= Wegadesk Gorup-Paul =

Canadian diver

Wegadesk Gorup-Paul (also known as Wegadesk Gorup-Paule, born 1 December 1987), whose name means "Northern Lights" in the indigenous Mik'maq language of Nova Scotia, was a former Native-Canadian international level diver. Wegadesk retired from his career as a diver in 2007 at the age of 19 after taking up diving in 1998 as an eleven year old. Initially hesitant about the sport, Wegadesk excelled on both the national and international level of competition as a medalist at National Championships and World Junior Championships. In the year leading up to and after his retirement, Wegadesk was the recipient of several awards in community involvement, primarily with youth.

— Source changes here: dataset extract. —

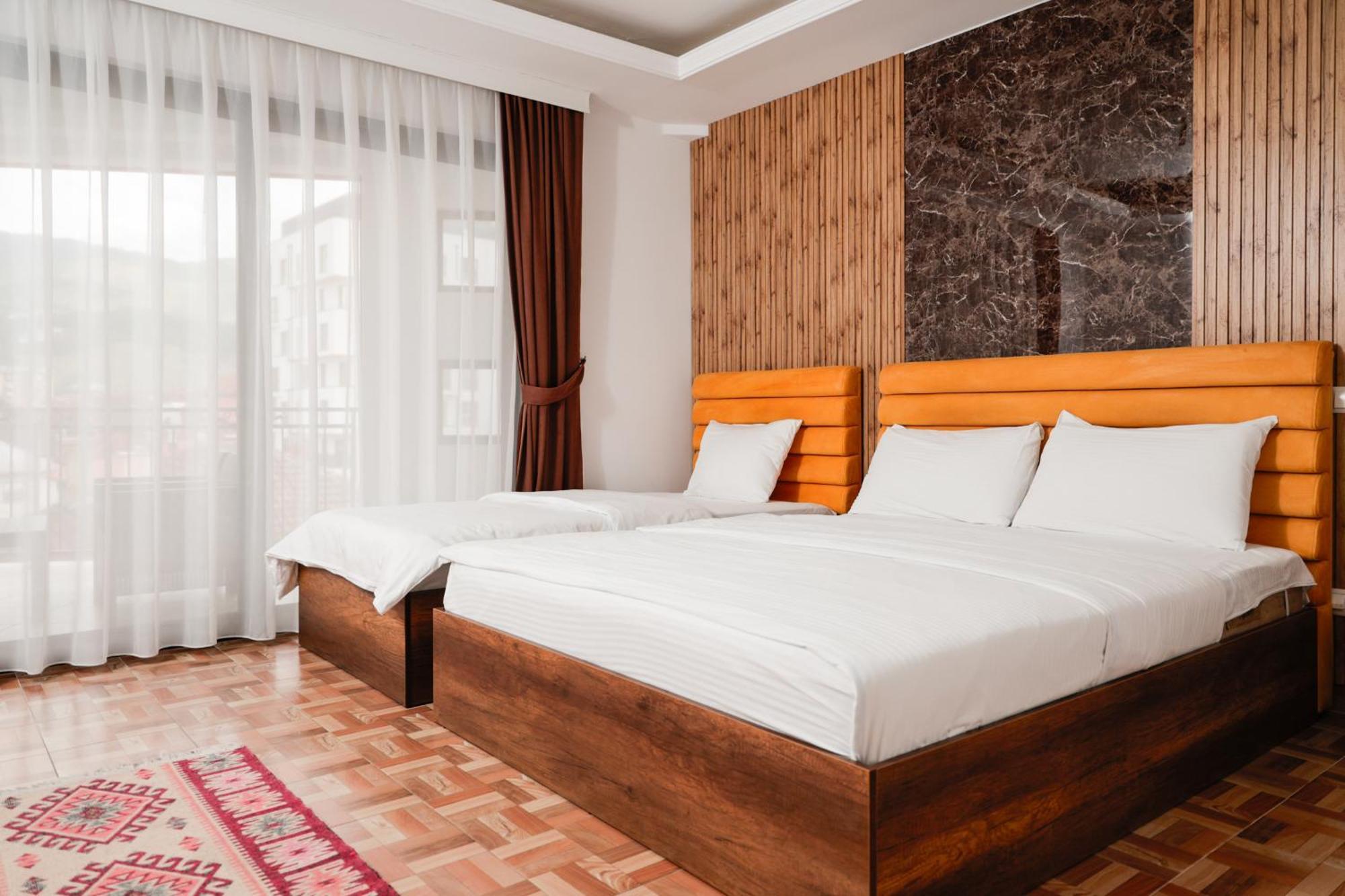 פריזרן Hotel Denis מראה חיצוני תמונה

Recently Wegadesk has taken to art and performing ... both of which can be viewed on his website www.wegadesk.com

== Early life ==

Wegadesk Gorup-Paul, a native Mik'maq originally hailing from Antigonish, Nova Scotia, took up diving at the age of eleven after his mother noticed him doing flips on the family trampoline. Raised by a single mother of four, Wegadesk notes that money was always tight as a child, but the family was always able to get the funds together to travel to competition. Originally hesitant about taking up the sport at a competitive level because of the regulation "Speedo" the athletes wear in competition, Wegadesk eventually warmed up to the uniform as he quickly transformed into a highly talented diver.

== Competitive career ==
Training under coach Trevor Palmatier at the Saanich Commonwealth Place in Victoria, BC, for the Boardworks Diving program, Wegadesk began to quickly find success on both the national and international levels. Wegadesk focused primarily on platform diving and synchronized events at large competitions. With his eyes originally on competing at the 2008 Beijing Summer Olympic Games, Wegadesk had many strong results for his country and many top 10 finishes at international events. At the time of his retirement from competitive diving in 2007, Wegadesk was ranked at number three in the world for platform diving.

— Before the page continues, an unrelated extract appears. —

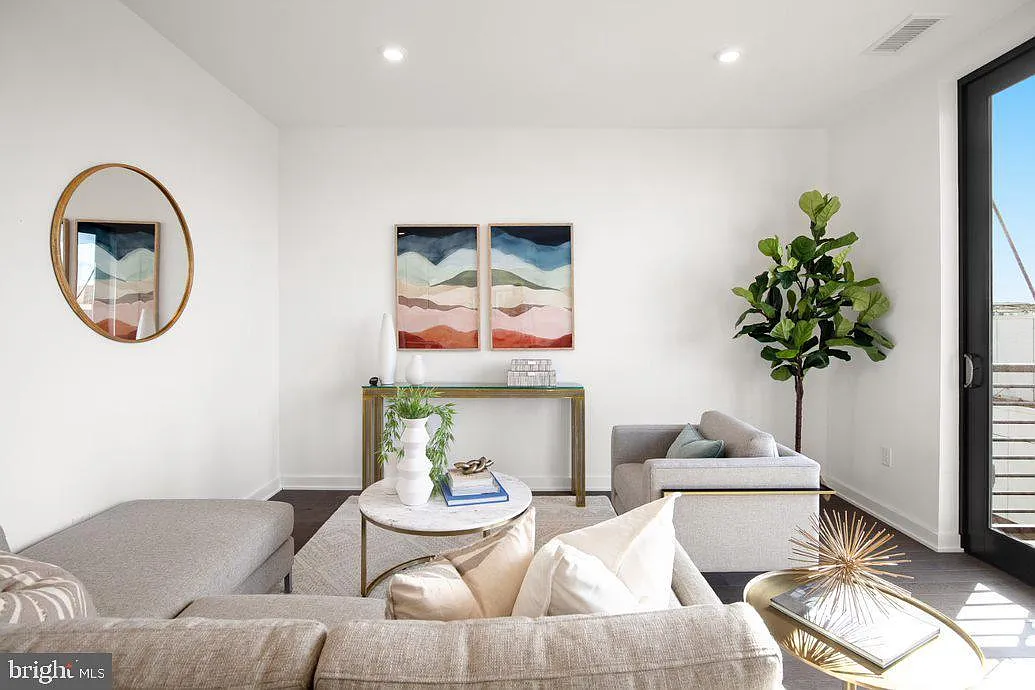 1 bed, 612 sqft, $2,300 — Photo 4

Competing for Canada at the 2006 Commonwealth Games in Melbourne, he placed 4th in the men's synchronized 10 metre platform event (with Riley McCormick) and 8th in the men's 10 metre platform event.

=== Results ===

| Competition | Event | Result | Year |
|---|---|---|---|
| Canada Jr. Nationals | Platform | 3rd | 2003 |
| Canadian Olympic Trials | Platform | 6th | 2004 |
| Canadian Jr. Nationals | 3M | 1st | 2004 |
| World Jr. Championships | Platform | 5th | 2004 |
| Canada Cup | Platform | 10th | 2005 |
| World Championships | 3M | 17th | 2005 |
| Commonwealth Games | Platform Synchro | 4th | 2006 |
| World Cup | Platform | 11th | 2006 |
| Winter Senior Nationals | Platform | 5th | 2007 |
| Speedo Sting | Platform | 2nd | 2007 |

== Awards ==

In 2005 Wegadesk was awarded the Roland Michener Award by the Canada Games Council. This award is given out every two years to athletes who exemplify strong leadership skills both on and off the playing field, combined with an ongoing commitment to athletic excellence. Wegadesk was given this award for his work with the First Nations Education Society as a role model to help keep First Nations youth in school. Additionally, Wegadesk received an Indspire Award in 2007 for aboriginal excellence in the community.

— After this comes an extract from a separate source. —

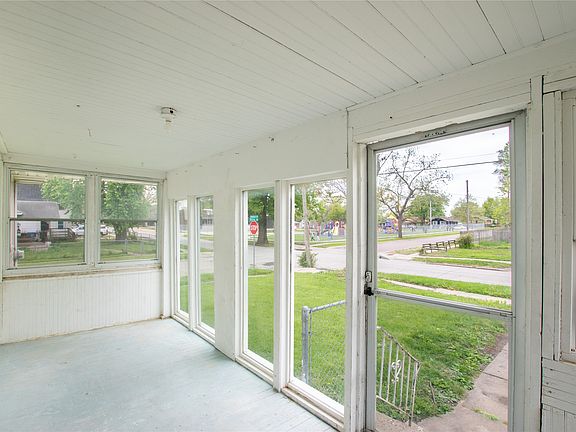 3rd image of 3203 Cambridge St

== Life outside of sport ==

As a diver at the youth level, during his time at Boardworks Diving, Wegadesk was the subject of sexual abuse at the hands of his coach. His coach, Trevor Palmatier, was arrested in 2013 on sex-related charges after one of his athletes came forward. It is alleged by Saanich police that sexual contact happened between the years 2004-06. Throughout his time as a competitive diver, he dealt with other personal issues that eventually lead to his retirement from the sport before his goal of the Beijing Olympics.